In Man of Steel, it’s about protecting Clark’s identity (although the story implies that everybody in Smallville knew there was something about Clark anyway). When a teenage Clark saves a school bus filled with children from drowning, Jonathan implies that perhaps Clark should’ve let them drown to protect his identity. Here with the cyclone, Jonathan stops Clark from helping, so he doesn’t reveal himself in front of people (although, arguably, Clark could’ve run in at super-speed to save Jonathan, with nobody the wiser – in the excellent TV series Smallville, Clark often made super-speed saves that nobody was aware were occurring because they were too quick for the human eye to detect).

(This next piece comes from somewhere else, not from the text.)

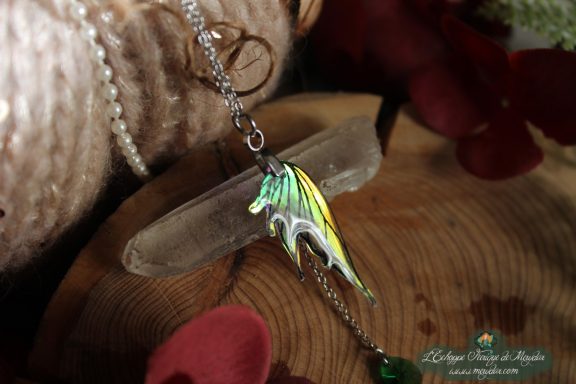Pendentif aile de dragon noire et verte irisee, presente sur socle en bois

One scene is about limitations, the other is about … keeping who you are a secret? You could argue the Man of Steel scene is trying to do the same thing – that it shows Clark he has limits. But these limits are self-imposed. He could’ve easily saved Jonathan. He could’ve done it just as the cyclone hit and everything was obscured. He could’ve done it and it wouldn’t have mattered – nobody knows who he is here; nobody knows the Kents. He’s not giving away anything – there’s no Superman yet, so there’s no secret identity that he’s revealing. (Retrospectively, given that Clark exists in a world with Batman, Wonder Woman, etc., who cares if he has powers?) But he chooses not to. This is about choice. Not about limitations. I guess what they’re trying to say is Clark shouldn’t be ashamed of who he is, and he should become Superman or something or other.

On the logistical side of this scene, Jonathan, Clark, Martha and the dog are driving down a perfectly straight road and having a conversation for about thirty seconds. Surely, you would already be able to see the long, long, long line of stopped cars and the cyclone approaching. How did they not see it earlier? It’s impossible to miss! Their view is unencumbered, and the line of cars and storm are HUGE. But they behave as if the first they come across it is when they stop. This should be physically impossible for three people sitting in a car looking down a long, straight road. It’s an extremely poorly built scene that’s simply designed to construct that shitty lesson.

I know this might seem pedantic as far as comparisons go, but as far as I’m concerned they speak about each story’s understanding of the character, and what Superman is meant to be about.

When your foundation for Superman is ill-conceived, it’s unlikely you’re going to build anything worthwhile on it.